Published 12:00 am Thursday, November 17, 2005

Former Alabama Chief Justice and Republican candidate for governor Roy Moore was the featured speaker at Crenshaw Christian Academy’s Veterans Day ceremony in Luverne on Thursday.

Moore, a decorated veteran of Vietnam and graduate of West Point Military Academy, layered Biblical and historical references throughout his speech and painted a grim picture of the United States’ future. Moore said if the country continues to turn its back on God then the US would go the way of other nations.

Mainly, he said, a country founded under God, would cease to exist.

“All nations have ended at some point,” he said. “I’m not saying it’s going to happen in a short time, but it may happen 1,000 years from now. Rome lasted 500 years but fell because of departure from its principals. We’re losing our morality.”

He said those who look back after the United States’ fall would ask: “Did they forget God?”

Retired Alabama Supreme Court Justice Terry Butts introduced Moore. Butts led Moore’s legal team in the fight to keep a monument bearing the Ten Commandments in the state’s judicial building.

Moore, Butts said, was “steeled in the fires of Vietnam” and he openly criticized the print media for not better referencing Moore’s military background and service to his country.

Moore agreed that his military service has not been well publicized, but wouldn’t comment on the media’s fairness toward him as a political candidate.

And while early polls show incumbent Gov. Bob Riley leading Moore among Republicans, Moore said he wouldn’t discuss the polls.

“We don’t talk about polls,” he said. “The only poll that matters is the one in July.
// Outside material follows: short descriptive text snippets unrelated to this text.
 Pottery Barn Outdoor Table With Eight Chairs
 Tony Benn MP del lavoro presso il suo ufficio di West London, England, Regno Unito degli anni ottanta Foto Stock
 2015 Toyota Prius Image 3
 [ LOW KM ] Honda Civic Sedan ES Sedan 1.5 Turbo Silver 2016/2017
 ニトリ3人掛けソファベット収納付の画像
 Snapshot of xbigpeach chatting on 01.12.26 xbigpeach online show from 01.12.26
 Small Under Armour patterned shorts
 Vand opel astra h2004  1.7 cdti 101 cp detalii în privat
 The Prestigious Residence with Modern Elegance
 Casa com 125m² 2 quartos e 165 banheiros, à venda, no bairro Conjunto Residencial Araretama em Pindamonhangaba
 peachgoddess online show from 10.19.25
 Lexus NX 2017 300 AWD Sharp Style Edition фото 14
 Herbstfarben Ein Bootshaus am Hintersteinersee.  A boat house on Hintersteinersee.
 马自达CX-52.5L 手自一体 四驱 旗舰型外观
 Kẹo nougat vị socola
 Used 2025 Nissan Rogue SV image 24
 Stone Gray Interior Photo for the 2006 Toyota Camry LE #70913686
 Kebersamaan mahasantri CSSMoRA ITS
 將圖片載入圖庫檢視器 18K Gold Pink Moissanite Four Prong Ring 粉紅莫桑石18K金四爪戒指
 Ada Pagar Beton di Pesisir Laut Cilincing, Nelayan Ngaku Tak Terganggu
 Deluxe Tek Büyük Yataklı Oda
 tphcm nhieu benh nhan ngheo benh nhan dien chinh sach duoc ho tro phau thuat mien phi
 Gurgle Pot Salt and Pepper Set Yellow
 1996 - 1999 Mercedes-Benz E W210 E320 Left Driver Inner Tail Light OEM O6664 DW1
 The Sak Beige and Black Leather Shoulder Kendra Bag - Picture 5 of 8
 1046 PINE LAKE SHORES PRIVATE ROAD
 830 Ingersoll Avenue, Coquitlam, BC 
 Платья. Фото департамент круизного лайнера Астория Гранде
And we’ll win that one.”

Moore honored the Veterans in attendance, and said, “we can never dispute the efforts of our armed forces.”

Mike Green, a pastor and resident of Luverne, said he believed Moore is a “Godly man” and was a “great candidate for governor.”

But he declined to say if Moore had his vote or not.

“I can’t say. Voting is something I believe is personal,” he said. “Gov. Riley is a great candidate as well. It’s a choice the State of Alabama is going to have to make.”

Moore attacked both evolution and abortion during his speech and said he wants to defend the rights of teachers and public officers to acknowledge God as the foundation of moral law.

In a distributed flyer, entitled “Return Alabama to the People,” Moore outlines his stand on other issues, including his desire to eliminate the power of special interest lobbyists in the state legislature, halt the flow of illegal aliens in Alabama by holding businesses who employ them financially responsible, and bring a conservative philosophy back to the state government.